Luckily I've brought "Solution Passage" back with me for the holidays.  It's interesting that these poems were written in a period of time (1978-1981) when I was an undergraduate and not aware of the existence of Clark Coolidge.  I remember knowing creative writing graduate students at the time who wrote hokey poems about baseball or vegetables.  I was told, by prominent feminist critic and poet whose name still appears in Poetry, that WCW was  bad influence.  Academic year 1979-80 I was in Spain.  I think subscribing the the American Poetry Review in those days was a mistake.  It was depressing and bewildering:  so many poets, writing in so few styles.  I hated the emphasis on what  the poets looked like.  

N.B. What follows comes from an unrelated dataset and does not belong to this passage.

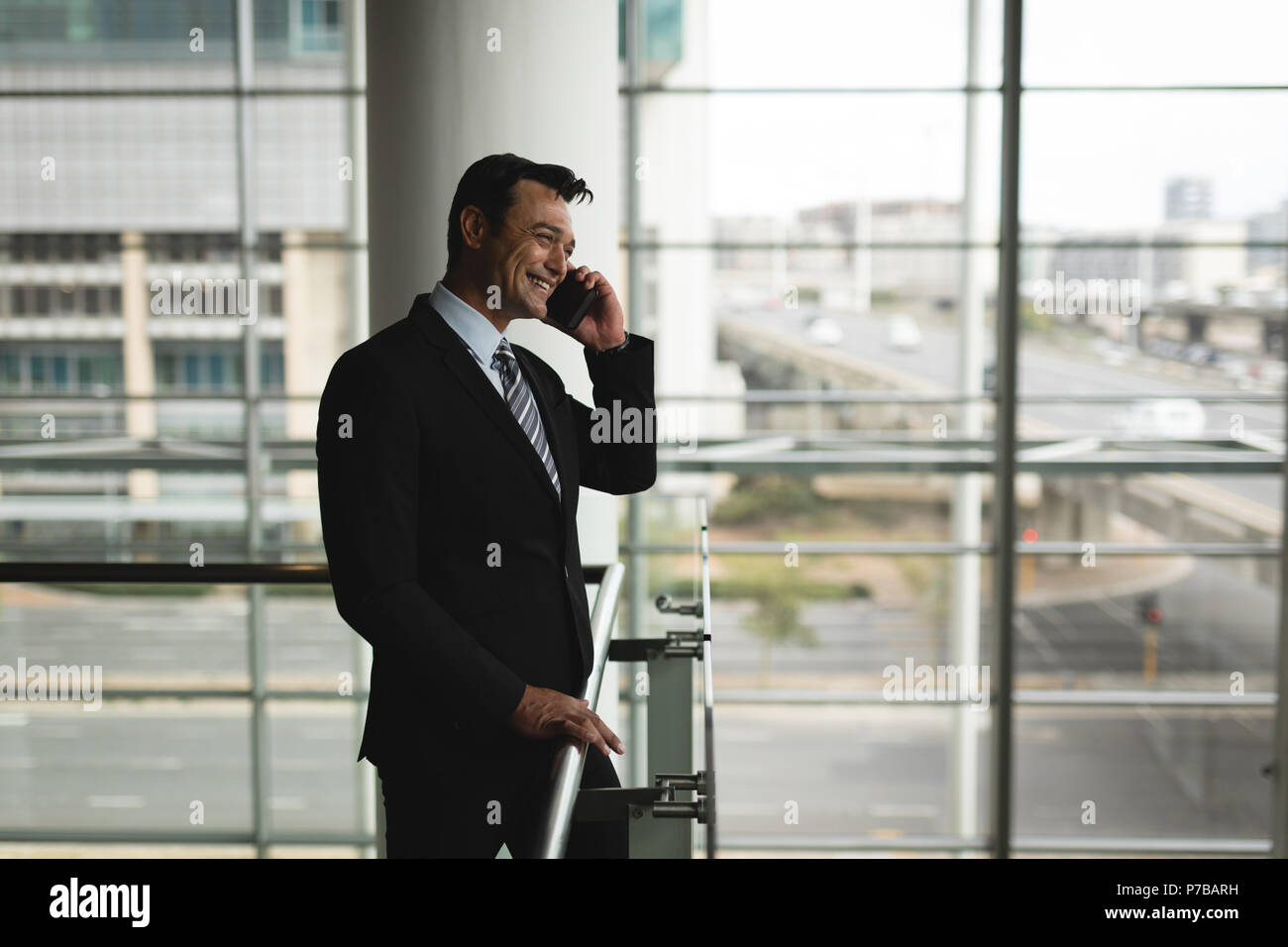 Businessman talking on the mobile phone in office Stock Photo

"I AM a poet."  Why did WCW have to insist so much, at a relatively late point of his career, that he was indeed a poet?  He didn't really start writing his best work until he was almost 40.  Recognition was slow to come.  
The poem in which he defined his variable foot "the descent beckons / as the ascent beckoned" (or is it the other way around?) is curiously abstract and Latinate in vocabulary.  There are no things.  His earlier poetry is more prosodically interesting.  
I think of myself as devoted to only a handful of writers.  Yet when I make up the complete list, over half a life-time, it adds up to quite a few.  About 100 I have read deeply and assiduously.  Another few hundred I have read deeply for a less prolonged period of time.  Many times more I am professionally responsible for or have read more casually.  I am not completely up to date in my reading of the younger American poets--and I probably never will be since more are always emerging.  I do like Lisa Jarnot and Susan Schultz.  I have books by Jordan Davis, Stroffolino, and a few others, along with Ed Foster's anthology.